> [What you will do]
Repeat the records below in their entirety, exactly.

------ Records for this task ------

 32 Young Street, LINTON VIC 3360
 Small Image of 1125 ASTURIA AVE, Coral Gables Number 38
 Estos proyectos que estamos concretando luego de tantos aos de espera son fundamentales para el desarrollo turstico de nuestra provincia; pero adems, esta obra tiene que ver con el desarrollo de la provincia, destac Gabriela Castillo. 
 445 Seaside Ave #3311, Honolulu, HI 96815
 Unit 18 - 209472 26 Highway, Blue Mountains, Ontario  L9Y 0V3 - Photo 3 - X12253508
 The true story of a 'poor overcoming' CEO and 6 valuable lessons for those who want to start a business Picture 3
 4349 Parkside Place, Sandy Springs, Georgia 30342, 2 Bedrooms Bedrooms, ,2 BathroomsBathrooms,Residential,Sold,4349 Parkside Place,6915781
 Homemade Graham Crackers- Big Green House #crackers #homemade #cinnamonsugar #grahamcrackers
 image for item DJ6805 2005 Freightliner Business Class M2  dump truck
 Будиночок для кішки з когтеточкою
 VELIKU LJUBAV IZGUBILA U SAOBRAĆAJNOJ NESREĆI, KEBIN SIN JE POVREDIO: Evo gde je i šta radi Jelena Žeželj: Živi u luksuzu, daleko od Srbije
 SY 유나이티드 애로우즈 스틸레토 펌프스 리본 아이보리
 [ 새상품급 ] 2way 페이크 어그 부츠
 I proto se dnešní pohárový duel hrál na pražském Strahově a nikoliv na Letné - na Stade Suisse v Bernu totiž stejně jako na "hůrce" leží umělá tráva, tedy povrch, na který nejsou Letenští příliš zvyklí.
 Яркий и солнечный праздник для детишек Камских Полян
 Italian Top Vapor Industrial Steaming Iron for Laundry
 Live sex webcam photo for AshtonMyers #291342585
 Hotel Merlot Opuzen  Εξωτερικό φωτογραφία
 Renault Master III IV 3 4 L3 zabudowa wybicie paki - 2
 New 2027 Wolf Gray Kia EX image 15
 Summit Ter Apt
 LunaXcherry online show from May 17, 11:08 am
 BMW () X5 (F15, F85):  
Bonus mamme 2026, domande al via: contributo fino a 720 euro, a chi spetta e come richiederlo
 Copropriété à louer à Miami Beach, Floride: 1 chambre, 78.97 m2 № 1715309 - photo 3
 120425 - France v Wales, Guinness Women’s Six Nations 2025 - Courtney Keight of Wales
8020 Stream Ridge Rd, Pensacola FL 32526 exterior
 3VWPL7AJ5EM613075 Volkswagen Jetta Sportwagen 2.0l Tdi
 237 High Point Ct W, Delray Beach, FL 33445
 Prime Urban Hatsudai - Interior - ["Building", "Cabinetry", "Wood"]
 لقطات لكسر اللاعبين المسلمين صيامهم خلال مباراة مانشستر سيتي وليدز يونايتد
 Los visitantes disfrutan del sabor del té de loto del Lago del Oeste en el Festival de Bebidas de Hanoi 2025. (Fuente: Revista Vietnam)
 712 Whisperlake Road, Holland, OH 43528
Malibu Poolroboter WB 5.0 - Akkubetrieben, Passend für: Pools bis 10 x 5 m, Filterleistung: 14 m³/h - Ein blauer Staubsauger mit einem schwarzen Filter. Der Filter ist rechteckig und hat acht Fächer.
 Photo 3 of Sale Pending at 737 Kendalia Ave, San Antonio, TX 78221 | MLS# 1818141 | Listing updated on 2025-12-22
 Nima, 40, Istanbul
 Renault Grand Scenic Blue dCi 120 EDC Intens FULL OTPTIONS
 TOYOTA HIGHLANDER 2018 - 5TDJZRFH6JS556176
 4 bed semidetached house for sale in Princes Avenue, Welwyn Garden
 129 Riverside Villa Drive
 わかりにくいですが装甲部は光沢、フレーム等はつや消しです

------

> [Task output]
 32 Young Street, LINTON VIC 3360
 Small Image of 1125 ASTURIA AVE, Coral Gables Number 38
 Estos proyectos que estamos concretando luego de tantos aos de espera son fundamentales para el desarrollo turstico de nuestra provincia; pero adems, esta obra tiene que ver con el desarrollo de la provincia, destac Gabriela Castillo. 
 445 Seaside Ave #3311, Honolulu, HI 96815
 Unit 18 - 209472 26 Highway, Blue Mountains, Ontario  L9Y 0V3 - Photo 3 - X12253508
 The true story of a 'poor overcoming' CEO and 6 valuable lessons for those who want to start a business Picture 3
 4349 Parkside Place, Sandy Springs, Georgia 30342, 2 Bedrooms Bedrooms, ,2 BathroomsBathrooms,Residential,Sold,4349 Parkside Place,6915781
 Homemade Graham Crackers- Big Green House #crackers #homemade #cinnamonsugar #grahamcrackers
 image for item DJ6805 2005 Freightliner Business Class M2  dump truck
 Будиночок для кішки з когтеточкою
 VELIKU LJUBAV IZGUBILA U SAOBRAĆAJNOJ NESREĆI, KEBIN SIN JE POVREDIO: Evo gde je i šta radi Jelena Žeželj: Živi u luksuzu, daleko od Srbije
 SY 유나이티드 애로우즈 스틸레토 펌프스 리본 아이보리
 [ 새상품급 ] 2way 페이크 어그 부츠
 I proto se dnešní pohárový duel hrál na pražském Strahově a nikoliv na Letné - na Stade Suisse v Bernu totiž stejně jako na "hůrce" leží umělá tráva, tedy povrch, na který nejsou Letenští příliš zvyklí.
 Яркий и солнечный праздник для детишек Камских Полян
 Italian Top Vapor Industrial Steaming Iron for Laundry
 Live sex webcam photo for AshtonMyers #291342585
 Hotel Merlot Opuzen  Εξωτερικό φωτογραφία
 Renault Master III IV 3 4 L3 zabudowa wybicie paki - 2
 New 2027 Wolf Gray Kia EX image 15
 Summit Ter Apt
 LunaXcherry online show from May 17, 11:08 am
 BMW () X5 (F15, F85):  
Bonus mamme 2026, domande al via: contributo fino a 720 euro, a chi spetta e come richiederlo
 Copropriété à louer à Miami Beach, Floride: 1 chambre, 78.97 m2 № 1715309 - photo 3
 120425 - France v Wales, Guinness Women’s Six Nations 2025 - Courtney Keight of Wales
8020 Stream Ridge Rd, Pensacola FL 32526 exterior
 3VWPL7AJ5EM613075 Volkswagen Jetta Sportwagen 2.0l Tdi
 237 High Point Ct W, Delray Beach, FL 33445
 Prime Urban Hatsudai - Interior - ["Building", "Cabinetry", "Wood"]
 لقطات لكسر اللاعبين المسلمين صيامهم خلال مباراة مانشستر سيتي وليدز يونايتد
 Los visitantes disfrutan del sabor del té de loto del Lago del Oeste en el Festival de Bebidas de Hanoi 2025. (Fuente: Revista Vietnam)
 712 Whisperlake Road, Holland, OH 43528
Malibu Poolroboter WB 5.0 - Akkubetrieben, Passend für: Pools bis 10 x 5 m, Filterleistung: 14 m³/h - Ein blauer Staubsauger mit einem schwarzen Filter. Der Filter ist rechteckig und hat acht Fächer.
 Photo 3 of Sale Pending at 737 Kendalia Ave, San Antonio, TX 78221 | MLS# 1818141 | Listing updated on 2025-12-22
 Nima, 40, Istanbul
 Renault Grand Scenic Blue dCi 120 EDC Intens FULL OTPTIONS
 TOYOTA HIGHLANDER 2018 - 5TDJZRFH6JS556176
 4 bed semidetached house for sale in Princes Avenue, Welwyn Garden
 129 Riverside Villa Drive
 わかりにくいですが装甲部は光沢、フレーム等はつや消しです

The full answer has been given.